RECORDS TO PROCESS section start

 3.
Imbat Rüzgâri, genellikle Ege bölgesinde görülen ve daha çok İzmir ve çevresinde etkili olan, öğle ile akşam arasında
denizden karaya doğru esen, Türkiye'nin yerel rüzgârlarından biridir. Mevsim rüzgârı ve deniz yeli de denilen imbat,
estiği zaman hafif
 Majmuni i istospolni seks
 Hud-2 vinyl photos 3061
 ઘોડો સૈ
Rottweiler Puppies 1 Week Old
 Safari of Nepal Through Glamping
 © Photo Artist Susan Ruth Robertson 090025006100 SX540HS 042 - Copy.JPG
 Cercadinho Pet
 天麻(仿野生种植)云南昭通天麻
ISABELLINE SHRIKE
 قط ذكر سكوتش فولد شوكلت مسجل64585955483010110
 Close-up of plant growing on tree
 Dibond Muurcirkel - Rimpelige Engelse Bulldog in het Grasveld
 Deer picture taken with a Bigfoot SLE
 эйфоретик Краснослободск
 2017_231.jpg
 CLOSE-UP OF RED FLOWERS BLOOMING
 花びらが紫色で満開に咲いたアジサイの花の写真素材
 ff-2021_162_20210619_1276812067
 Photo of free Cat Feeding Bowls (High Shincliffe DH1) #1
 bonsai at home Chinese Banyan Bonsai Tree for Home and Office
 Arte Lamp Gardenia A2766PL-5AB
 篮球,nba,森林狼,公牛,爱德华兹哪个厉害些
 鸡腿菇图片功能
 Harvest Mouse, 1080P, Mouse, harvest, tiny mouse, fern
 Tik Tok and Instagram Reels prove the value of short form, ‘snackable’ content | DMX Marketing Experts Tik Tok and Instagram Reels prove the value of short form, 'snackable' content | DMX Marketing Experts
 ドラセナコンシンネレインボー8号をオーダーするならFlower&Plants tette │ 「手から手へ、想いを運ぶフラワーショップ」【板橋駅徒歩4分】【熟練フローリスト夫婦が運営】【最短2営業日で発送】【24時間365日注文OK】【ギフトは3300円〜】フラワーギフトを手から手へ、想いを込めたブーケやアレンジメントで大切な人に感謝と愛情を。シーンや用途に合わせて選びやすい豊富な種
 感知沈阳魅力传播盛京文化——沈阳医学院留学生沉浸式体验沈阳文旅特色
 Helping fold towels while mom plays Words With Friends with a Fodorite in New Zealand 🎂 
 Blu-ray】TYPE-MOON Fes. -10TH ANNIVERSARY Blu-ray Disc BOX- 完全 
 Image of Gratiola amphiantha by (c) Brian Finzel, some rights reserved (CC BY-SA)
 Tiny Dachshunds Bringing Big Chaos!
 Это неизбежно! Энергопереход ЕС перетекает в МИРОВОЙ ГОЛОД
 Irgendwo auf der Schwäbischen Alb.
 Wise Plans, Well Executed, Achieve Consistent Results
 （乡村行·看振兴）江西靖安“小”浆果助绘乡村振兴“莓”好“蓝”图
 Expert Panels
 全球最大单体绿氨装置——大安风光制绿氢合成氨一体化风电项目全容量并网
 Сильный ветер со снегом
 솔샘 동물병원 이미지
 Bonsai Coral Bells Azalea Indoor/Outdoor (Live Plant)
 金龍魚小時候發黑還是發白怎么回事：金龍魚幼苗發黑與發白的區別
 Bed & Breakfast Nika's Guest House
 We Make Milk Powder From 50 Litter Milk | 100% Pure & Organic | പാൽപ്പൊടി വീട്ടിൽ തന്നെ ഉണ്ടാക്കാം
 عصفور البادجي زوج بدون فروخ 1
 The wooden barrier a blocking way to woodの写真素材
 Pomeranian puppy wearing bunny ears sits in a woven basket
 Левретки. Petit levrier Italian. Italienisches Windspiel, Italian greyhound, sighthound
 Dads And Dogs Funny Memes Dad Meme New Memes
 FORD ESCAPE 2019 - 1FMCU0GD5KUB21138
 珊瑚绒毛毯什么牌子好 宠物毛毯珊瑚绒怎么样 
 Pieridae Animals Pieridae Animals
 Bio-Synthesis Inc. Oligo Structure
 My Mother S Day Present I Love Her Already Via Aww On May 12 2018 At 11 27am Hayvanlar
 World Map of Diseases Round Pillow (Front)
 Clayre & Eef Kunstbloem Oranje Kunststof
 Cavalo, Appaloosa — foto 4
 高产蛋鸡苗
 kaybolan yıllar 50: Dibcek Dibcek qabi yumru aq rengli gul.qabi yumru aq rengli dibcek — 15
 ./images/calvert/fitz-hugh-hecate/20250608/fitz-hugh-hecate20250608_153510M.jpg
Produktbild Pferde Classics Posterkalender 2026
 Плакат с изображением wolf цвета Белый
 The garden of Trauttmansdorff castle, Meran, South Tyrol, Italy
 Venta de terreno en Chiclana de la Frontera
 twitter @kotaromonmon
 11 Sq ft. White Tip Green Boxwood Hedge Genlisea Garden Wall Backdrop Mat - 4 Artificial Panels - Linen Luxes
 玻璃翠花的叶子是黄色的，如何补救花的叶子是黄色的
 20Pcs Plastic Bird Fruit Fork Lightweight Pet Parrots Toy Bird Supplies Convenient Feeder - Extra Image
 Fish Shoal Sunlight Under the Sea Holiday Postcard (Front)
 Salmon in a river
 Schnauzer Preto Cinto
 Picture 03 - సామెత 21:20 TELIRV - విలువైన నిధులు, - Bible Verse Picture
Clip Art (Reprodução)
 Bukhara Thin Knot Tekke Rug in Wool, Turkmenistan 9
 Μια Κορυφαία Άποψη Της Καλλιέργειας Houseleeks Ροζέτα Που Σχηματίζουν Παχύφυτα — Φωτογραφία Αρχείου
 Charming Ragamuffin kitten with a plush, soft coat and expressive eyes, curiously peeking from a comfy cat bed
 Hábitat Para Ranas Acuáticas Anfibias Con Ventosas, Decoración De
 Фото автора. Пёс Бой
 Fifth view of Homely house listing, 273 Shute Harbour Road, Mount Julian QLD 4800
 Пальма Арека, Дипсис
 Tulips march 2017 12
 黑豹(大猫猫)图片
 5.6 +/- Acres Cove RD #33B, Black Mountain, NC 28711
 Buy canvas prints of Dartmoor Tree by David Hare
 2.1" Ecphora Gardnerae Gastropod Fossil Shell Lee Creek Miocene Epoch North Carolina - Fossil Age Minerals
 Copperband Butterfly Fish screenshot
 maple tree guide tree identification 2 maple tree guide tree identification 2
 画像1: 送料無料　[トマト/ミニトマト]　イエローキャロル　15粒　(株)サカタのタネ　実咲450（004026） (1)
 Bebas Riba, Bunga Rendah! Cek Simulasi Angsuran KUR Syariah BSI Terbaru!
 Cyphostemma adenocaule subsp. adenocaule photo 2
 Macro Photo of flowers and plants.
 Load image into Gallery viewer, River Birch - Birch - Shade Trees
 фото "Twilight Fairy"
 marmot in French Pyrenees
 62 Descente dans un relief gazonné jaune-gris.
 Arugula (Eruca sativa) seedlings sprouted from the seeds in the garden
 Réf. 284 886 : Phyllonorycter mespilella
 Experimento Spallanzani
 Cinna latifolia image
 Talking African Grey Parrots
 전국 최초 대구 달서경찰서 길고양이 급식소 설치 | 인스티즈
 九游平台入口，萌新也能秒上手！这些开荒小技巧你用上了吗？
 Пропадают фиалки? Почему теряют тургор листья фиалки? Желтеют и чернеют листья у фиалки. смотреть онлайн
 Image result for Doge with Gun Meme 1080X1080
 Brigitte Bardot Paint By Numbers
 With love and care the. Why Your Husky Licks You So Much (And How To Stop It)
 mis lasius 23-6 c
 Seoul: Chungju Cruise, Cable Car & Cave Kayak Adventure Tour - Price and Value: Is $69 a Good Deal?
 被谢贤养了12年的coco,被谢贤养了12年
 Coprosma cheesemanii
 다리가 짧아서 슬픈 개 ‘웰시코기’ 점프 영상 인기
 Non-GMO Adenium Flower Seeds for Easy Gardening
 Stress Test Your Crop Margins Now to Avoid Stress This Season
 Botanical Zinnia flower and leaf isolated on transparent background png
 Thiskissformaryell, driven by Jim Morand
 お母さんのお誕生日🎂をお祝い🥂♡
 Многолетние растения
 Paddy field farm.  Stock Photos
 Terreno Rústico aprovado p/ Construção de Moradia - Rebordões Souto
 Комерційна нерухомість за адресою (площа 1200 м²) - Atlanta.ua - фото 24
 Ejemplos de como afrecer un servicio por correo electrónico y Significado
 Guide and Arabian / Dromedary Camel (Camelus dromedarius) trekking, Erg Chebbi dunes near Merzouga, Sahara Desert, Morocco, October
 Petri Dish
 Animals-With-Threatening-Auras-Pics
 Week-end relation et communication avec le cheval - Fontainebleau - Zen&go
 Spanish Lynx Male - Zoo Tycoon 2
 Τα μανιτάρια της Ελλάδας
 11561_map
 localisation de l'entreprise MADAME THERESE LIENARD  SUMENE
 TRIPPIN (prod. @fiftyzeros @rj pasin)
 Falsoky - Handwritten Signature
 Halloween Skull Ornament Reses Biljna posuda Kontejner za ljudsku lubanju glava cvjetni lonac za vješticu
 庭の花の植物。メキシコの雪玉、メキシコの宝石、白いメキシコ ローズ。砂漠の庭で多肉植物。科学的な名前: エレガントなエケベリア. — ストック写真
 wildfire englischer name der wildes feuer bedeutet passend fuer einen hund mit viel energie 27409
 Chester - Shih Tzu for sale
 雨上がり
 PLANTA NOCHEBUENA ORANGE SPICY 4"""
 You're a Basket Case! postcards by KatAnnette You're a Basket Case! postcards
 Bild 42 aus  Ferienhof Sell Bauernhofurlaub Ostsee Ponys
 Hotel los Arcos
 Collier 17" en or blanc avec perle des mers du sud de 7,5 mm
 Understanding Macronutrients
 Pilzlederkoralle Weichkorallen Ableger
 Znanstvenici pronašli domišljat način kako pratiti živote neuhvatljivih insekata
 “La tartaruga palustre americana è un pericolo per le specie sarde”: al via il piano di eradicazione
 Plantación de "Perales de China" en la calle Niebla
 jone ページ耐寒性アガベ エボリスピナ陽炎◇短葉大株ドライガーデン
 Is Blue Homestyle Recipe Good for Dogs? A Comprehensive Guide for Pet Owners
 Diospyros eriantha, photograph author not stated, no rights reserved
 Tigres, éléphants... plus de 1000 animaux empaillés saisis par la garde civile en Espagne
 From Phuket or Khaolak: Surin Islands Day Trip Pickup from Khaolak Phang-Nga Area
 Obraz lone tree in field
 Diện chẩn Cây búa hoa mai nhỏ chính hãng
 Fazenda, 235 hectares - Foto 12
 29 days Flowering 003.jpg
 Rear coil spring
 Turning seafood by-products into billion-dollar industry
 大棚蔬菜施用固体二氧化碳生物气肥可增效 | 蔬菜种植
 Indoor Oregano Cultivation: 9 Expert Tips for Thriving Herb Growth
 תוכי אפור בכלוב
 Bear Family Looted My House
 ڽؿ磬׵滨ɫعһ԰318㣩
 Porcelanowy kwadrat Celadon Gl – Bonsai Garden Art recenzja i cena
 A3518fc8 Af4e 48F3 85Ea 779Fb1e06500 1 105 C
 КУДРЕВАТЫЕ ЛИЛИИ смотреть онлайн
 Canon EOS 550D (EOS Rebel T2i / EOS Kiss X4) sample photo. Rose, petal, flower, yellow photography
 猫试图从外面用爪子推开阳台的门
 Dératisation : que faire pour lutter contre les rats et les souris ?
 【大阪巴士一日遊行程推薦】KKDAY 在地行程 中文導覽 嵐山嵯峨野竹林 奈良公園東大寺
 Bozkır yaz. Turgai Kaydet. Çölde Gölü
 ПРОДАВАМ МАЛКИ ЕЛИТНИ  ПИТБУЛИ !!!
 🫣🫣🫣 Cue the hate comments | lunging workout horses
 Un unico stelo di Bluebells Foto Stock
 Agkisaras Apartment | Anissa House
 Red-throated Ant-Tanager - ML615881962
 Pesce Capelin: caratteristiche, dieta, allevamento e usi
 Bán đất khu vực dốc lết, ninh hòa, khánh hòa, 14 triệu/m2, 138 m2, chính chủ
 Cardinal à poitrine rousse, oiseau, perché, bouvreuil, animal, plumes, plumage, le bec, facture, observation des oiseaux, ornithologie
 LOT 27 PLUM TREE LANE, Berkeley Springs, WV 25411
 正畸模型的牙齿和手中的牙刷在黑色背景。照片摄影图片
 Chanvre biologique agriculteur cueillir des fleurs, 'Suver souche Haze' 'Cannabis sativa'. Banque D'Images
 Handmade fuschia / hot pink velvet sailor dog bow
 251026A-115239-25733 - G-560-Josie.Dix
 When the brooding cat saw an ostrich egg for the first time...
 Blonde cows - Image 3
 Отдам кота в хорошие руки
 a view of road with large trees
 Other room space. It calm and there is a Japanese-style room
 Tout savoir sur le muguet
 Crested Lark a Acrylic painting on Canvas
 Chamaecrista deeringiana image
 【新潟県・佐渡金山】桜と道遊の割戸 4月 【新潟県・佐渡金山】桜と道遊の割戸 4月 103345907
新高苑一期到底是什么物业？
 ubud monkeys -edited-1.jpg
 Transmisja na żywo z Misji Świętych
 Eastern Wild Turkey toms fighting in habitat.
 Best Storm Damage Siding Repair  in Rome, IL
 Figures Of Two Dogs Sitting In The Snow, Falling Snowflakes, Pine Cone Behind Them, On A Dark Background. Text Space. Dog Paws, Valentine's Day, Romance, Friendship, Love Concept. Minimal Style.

RECORDS TO PROCESS section end

PROBLEM TO SOLVE | Return every line above in which the string "sativa" occurs.

WRITTEN RESPONSE |
 Arugula (Eruca sativa) seedlings sprouted from the seeds in the garden
 Chanvre biologique agriculteur cueillir des fleurs, 'Suver souche Haze' 'Cannabis sativa'. Banque D'Images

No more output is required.